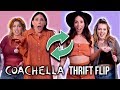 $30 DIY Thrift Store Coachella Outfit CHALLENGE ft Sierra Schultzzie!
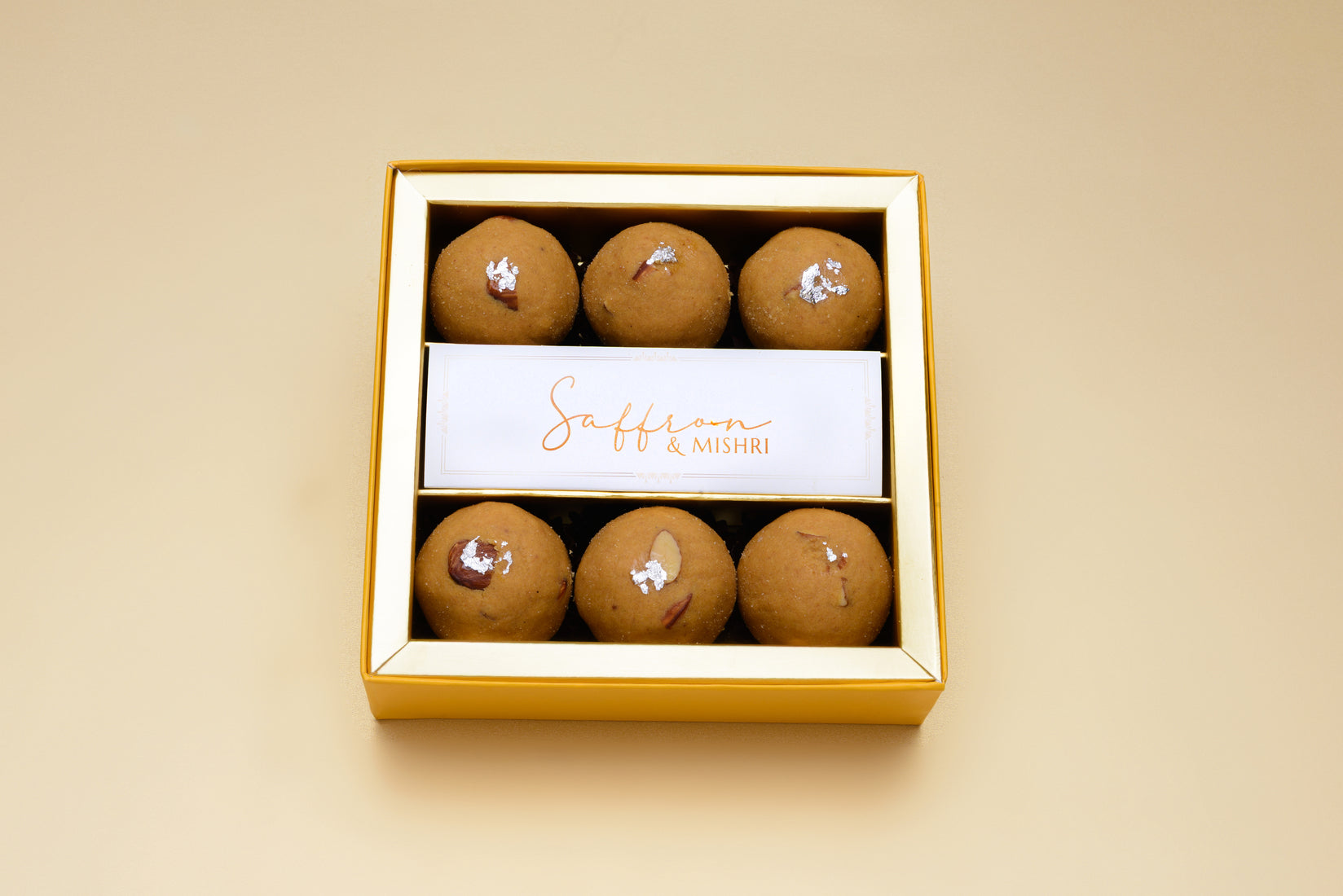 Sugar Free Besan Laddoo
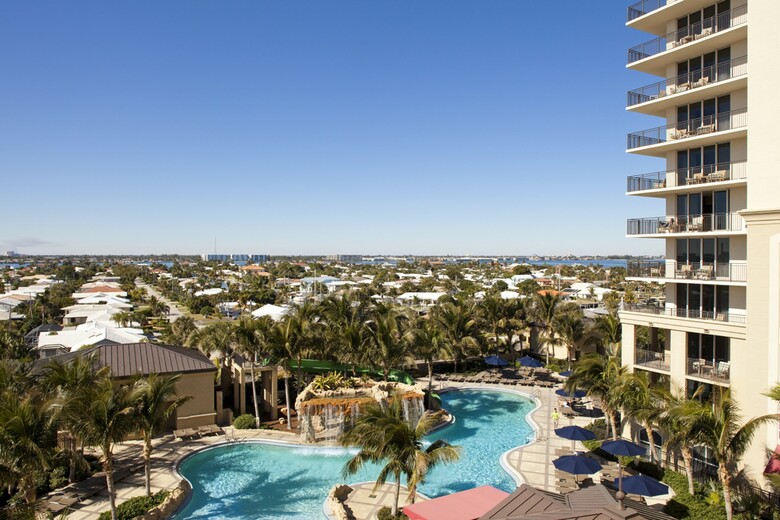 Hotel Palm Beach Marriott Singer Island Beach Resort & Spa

---*---

== EXERCISE OBJECTIVE ==
Here the requirement is to restate exactly the line holding "Sugar Free Besan Laddoo" and every later line through the end of the material, omitting pictures.

== ANSWER SECTION ==
 Sugar Free Besan Laddoo
 Hotel Palm Beach Marriott Singer Island Beach Resort & Spa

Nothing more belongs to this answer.